I have no clue where I am in the ribs contest, but I'm sure I'm out of it after this past weekend. Regardless, I've got to go witht he obvious pick here.

Pacers 93
Bulls 80


----------



## hoops (Jan 29, 2003)

pacers 101
bulls 83

hinrich 7pts, 9a, 5rebs 3/15 fg, 1/7 3ptfg
crawford 22pts, 4a, 4rebs 8/18 fg, 3/8 3ptfg


----------



## Benny the Bull (Jul 25, 2002)

Pacers 88

Bulls 75


----------



## PC Load Letter (Jun 29, 2002)

Bulls - 93
Pacers - 91


----------



## Wynn (Jun 3, 2002)

The Pacer -- 94
The Bull -- 93


----------



## BenDengGo (Feb 1, 2004)

i don't think we are going to win 3 in a row. no way.
maybe next year but not this saison.

pacer 95
bulls 83


o'neil 25/12
artest 20/6/4

hinrich 20/15
crawford 11/6 (after every good game a bad one follows)
curry 32/15
chandler 10/12


----------



## SecretAgentGuy (Jul 15, 2003)

Bulls 81
Pacers 80


----------



## ChiBron (Jun 24, 2002)

Teams that play physcial ball absolutely OWN us cuz we are SOFFFT. No way r we winning tonight.

Pacers 97
Bulls 79


----------



## mizenkay (Dec 29, 2003)

so the question is will we win three in a row :laugh: or will the pacers lose three in a row  hmmmmm....

*pacers 93
bulls 90 *

a good game but not enough when it comes down to it.


----------



## rlucas4257 (Jun 1, 2002)

im out of the race for this month

Indy 124
Bulls 72

Back to reality


----------



## superdave (Jul 16, 2002)

Pacers 101
Who cares 79


----------



## Robert23 (Dec 3, 2003)

Pacers - 95
Bulls - 85


----------



## spongyfungy (Oct 22, 2003)

Pacers 101
Bulls 95

no 3 game winning streak since Dec. 2002

We'll win the final Pacers-Bulls matchup (last game of the season)


----------



## rynobot (Oct 10, 2002)

Bulls 95
Pacers 94


----------



## fleetwood macbull (Jan 23, 2004)

Pacers 92 
Bulls 84


----------



## Bulls96 (Jun 25, 2003)

Pacers - 90
Bulls - 81


----------



## ace20004u (Jun 19, 2002)

Pacers 100
Bulls 89


----------



## truebluefan (May 27, 2002)

bulls lose 105-90


----------



## Fizer Fanatic (Jun 20, 2002)

Pacers 103
Bulls 87


----------



## bullet (Jul 1, 2003)

Pacers 98
Bulls 82

EC 20


----------



## Sánchez AF (Aug 10, 2003)

BULLS (TOROS)---80

PACERS(PACIFICADORES)---91


----------



## FBarley (Nov 10, 2002)

Curry gets eaten up inside tonight, I believe.

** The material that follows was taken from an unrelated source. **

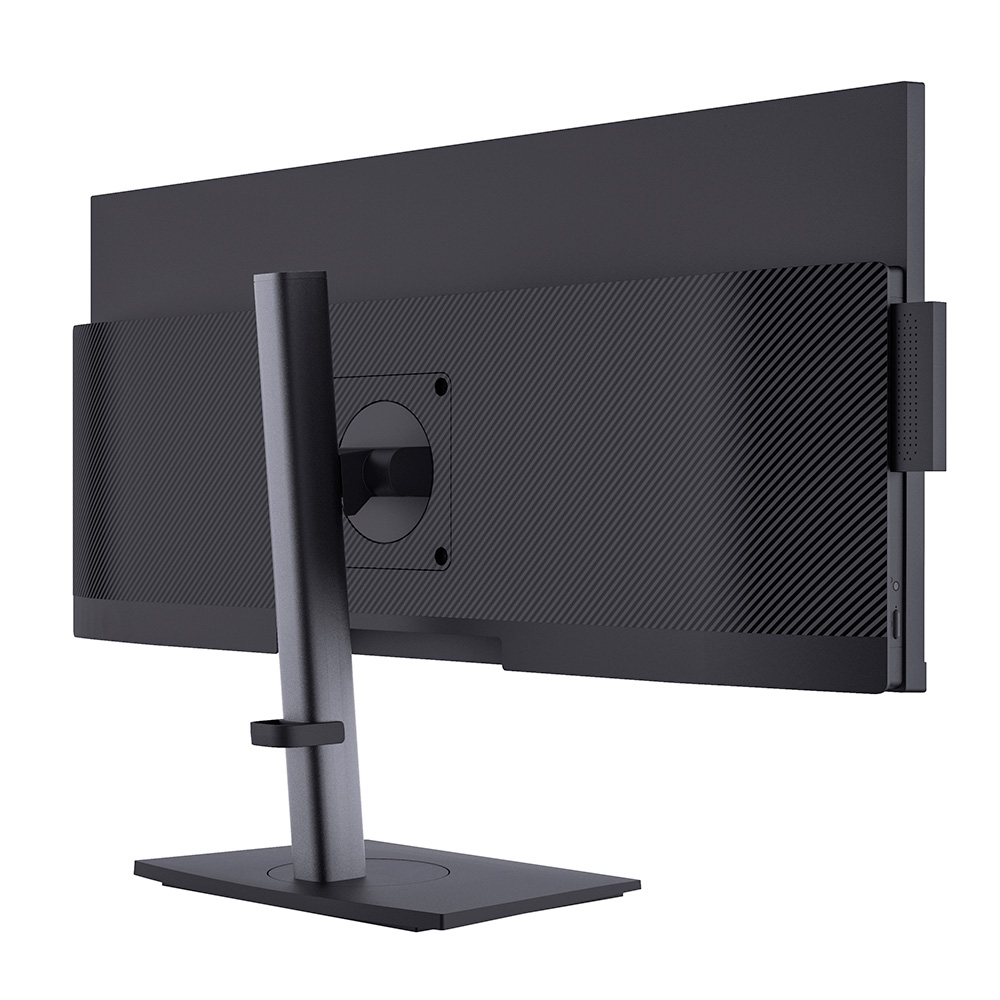BAREBONE ALL IN ONE PHOENIX LED IPS 29.5'' ULTRAPANORAMICO / GTX 1050TI / DDR4 / LGA1200 / SOPORTE AJUSTABLE EN ALTURA / WEBCAM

He has been facing weak frontcourts. Bulls lose 107-84


----------



## Brian. (Jul 11, 2002)

Hopefully the bulls play well tonight I wouldn't mind seeing a pacer loss


----------



## L.O.B (Jun 13, 2002)

Crazy Ronnie takes out Linton.


----------



## Bulls42 (Jul 22, 2002)

*Our bigs*

Eddy 1-7 in 5 minutes, 2 turnovers.
Tyson 2 fouls in 3 minutes.
Enough said.


----------



## ChiBron (Jun 24, 2002)

Barring Jamal, everybody was just GARBAGE in that qtr. Especially EC and Kirk. Kirk's shooting has been horrendous for a while now....we'll be out of this by halftime if he doesn't step up scoring wise.

Pacers 29
Bulls 18


----------



## hoops (Jan 29, 2003)

hinrich sure looked like an nbdl player in the 1st quarter. 0-2 fg, 0-2 3ptfg and 2 TOs. he was getting schooled by jamal tinsley. :sigh:


----------



## ChiBron (Jun 24, 2002)

They're roughing up Eddy but he's showing some good mental toughness by coming back just as tough. 10 pts on 3-12 shooting now.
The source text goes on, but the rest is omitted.